Walking the stumbling crabby old man's walk that I had somehow acquired after 40-something years on this earth, I made my way into the living room and like a zombie made my way to the nearest computer for my first cyber-fix of the morning. Forget food, forget coffee, I need something electric to get me going in the morning! So I sat down next to the living room desktop, shook the computer awake using the mouse, and there I discovered...
Hmmm, this is interesting. Corb had forgotten to close out his Facebook the night before.
A wicked thought went through my head. So many times, Corb has found my Facebook open. Has he shown mercy? Has he kindly closed my Facebook out as a gentle courtesy?
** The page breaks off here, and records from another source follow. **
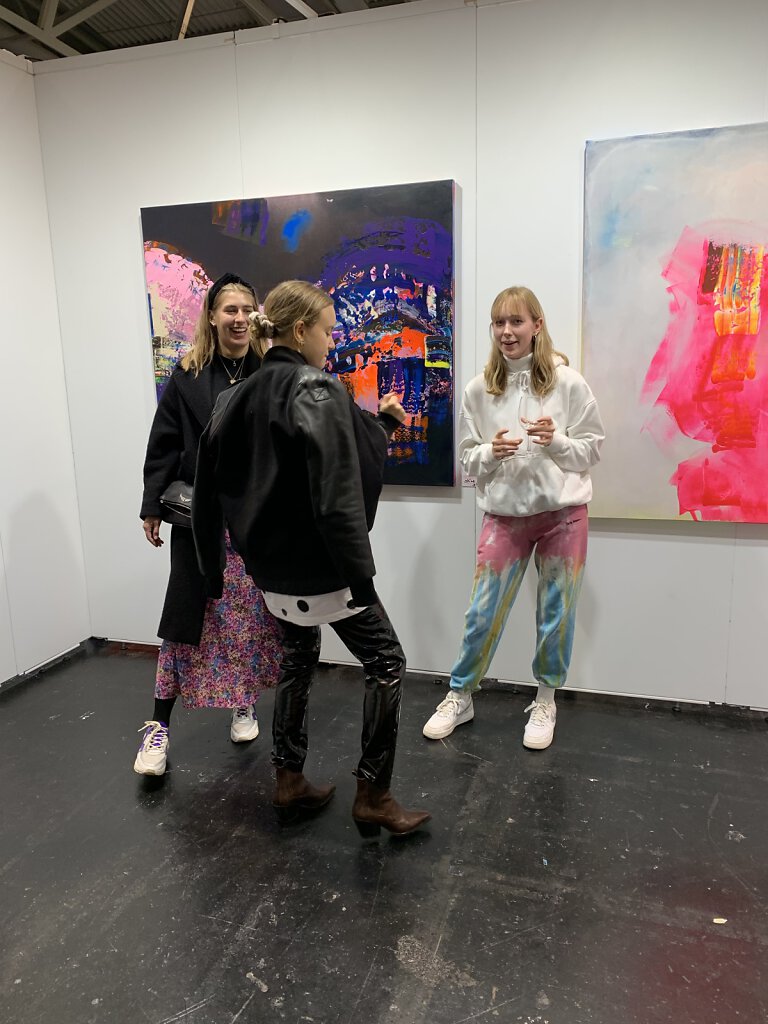 Die jungen Kunstliebhaberinnen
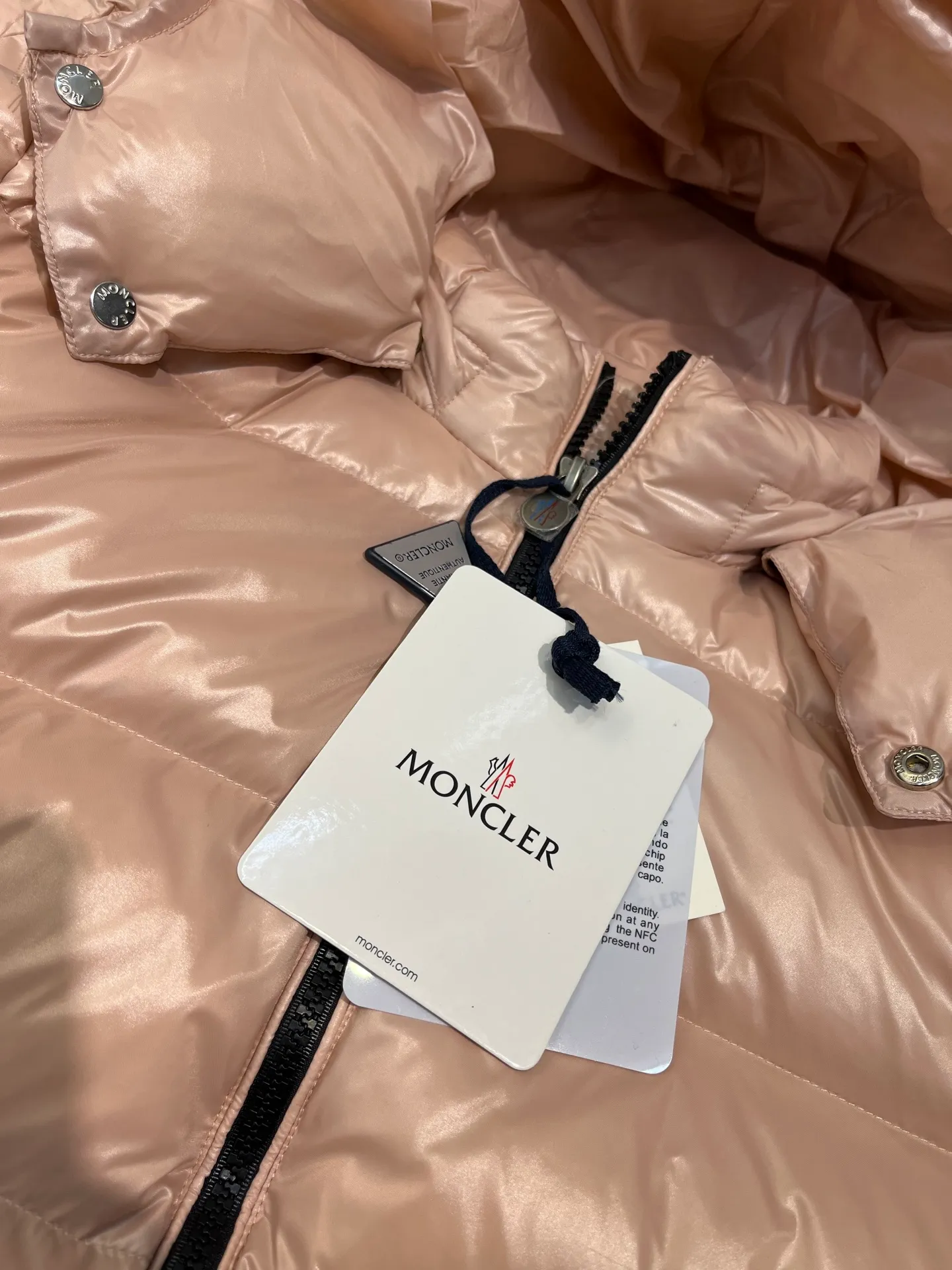 P640 𝗠𝗼𝗻𝗰𝗹𝗲𝗿 /𝗺𝗮𝘆𝗮 Model 026 Children's Maya Down Jacket Children's Maya short down jacket is specially designed to withstand cold winter weather and pays tribute to the mountains with high-performance design. Warm down jacket interprets iconic Moncler design from a child's perspective. 1⃣️The material is made of nylon laque fabric, exclusively customized, stain-resistant, and easier to wipe and clean. 2⃣️Embellished with brand logo, wool felt embroidery label, Behringer embroidery machine with electric embroidery, and imported embroidery thread to ensure that every word is full and three-dimensional. Clear. It can be called the most expensive embroidered label! 3⃣️ New international standard 90 white goose down, imported goose down filling, imported anti-drilling velvet liner cloth that does not run away. 4⃣️The front is decorated with a zipper fly closure, which locks in temperature instantly. The full set of hardware zippers are original and customized, with the M logo.  size：110-160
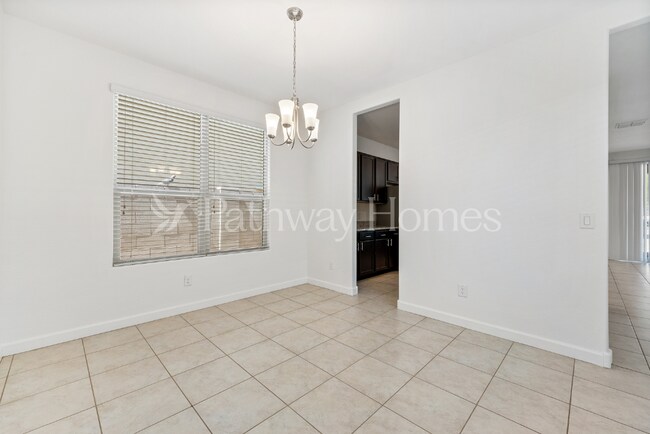 Foto del edificio - 18241 N Crestview Ln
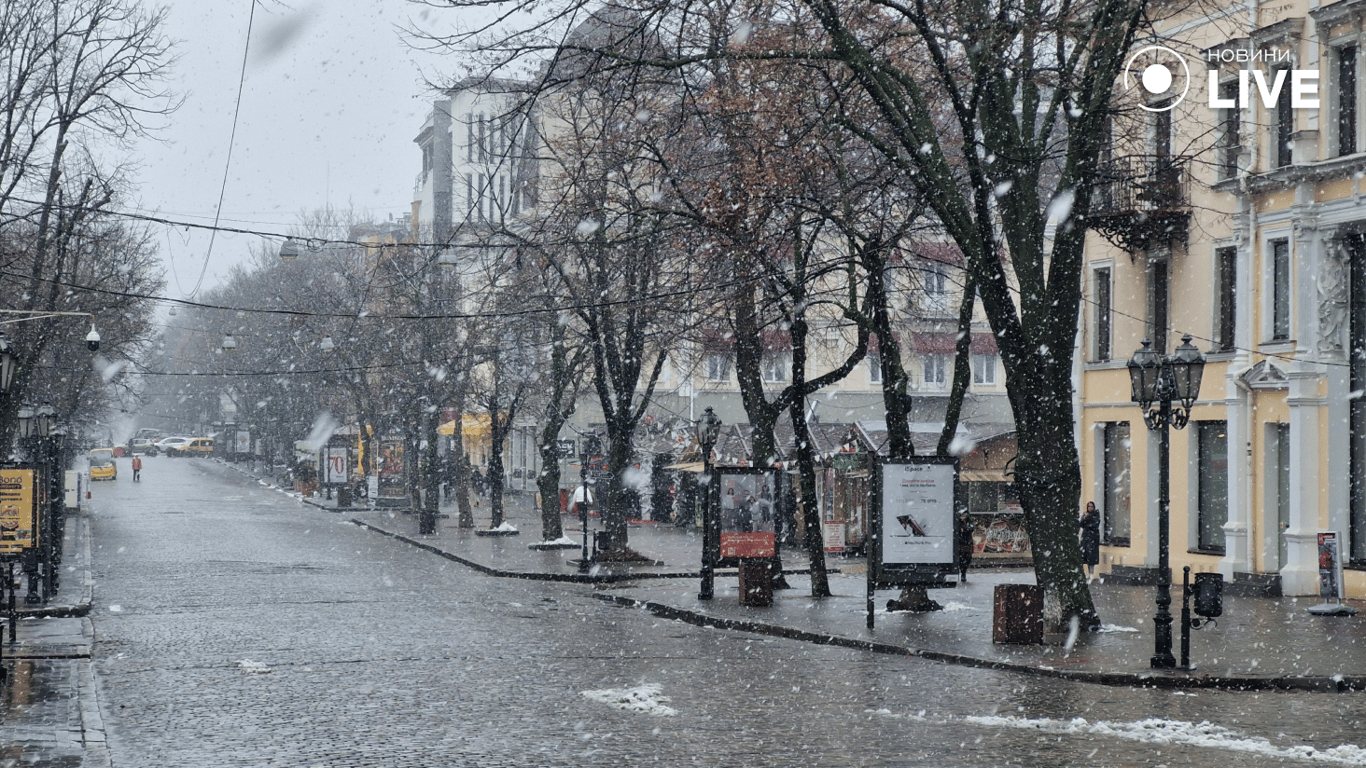 Сніг на Дерибасівській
No. Each and every time, he's made it a point to pretend to be me and posted something ridiculous, I've announced that I once pooped a lampshade, that I have furry man hands, that I want to have Justin Beiber's love child. Sometimes, he's posted four or or five things in a row! And every time I confronted him about it, about the stream of humiliating responses I'd get, he'd just chuckle and think he was the funniest person in the world.
Now, I had access to his Facebook. I had some time for a little revenge.
Giggling to myself, I sat there for a moment, and then I began typing:
"I love Christmas so much that I'm thinking of hanging holiday ornaments from my nipples. What do you think?"
There. There you go. Take that, Corbster! Satisfied with my little post, I closed out of his Facebook and moved on to searching the internet for porn.
About twenty minutes later, Corb came out of the bedroom.
Another twenty minutes later. "Oh, aren't you funny?"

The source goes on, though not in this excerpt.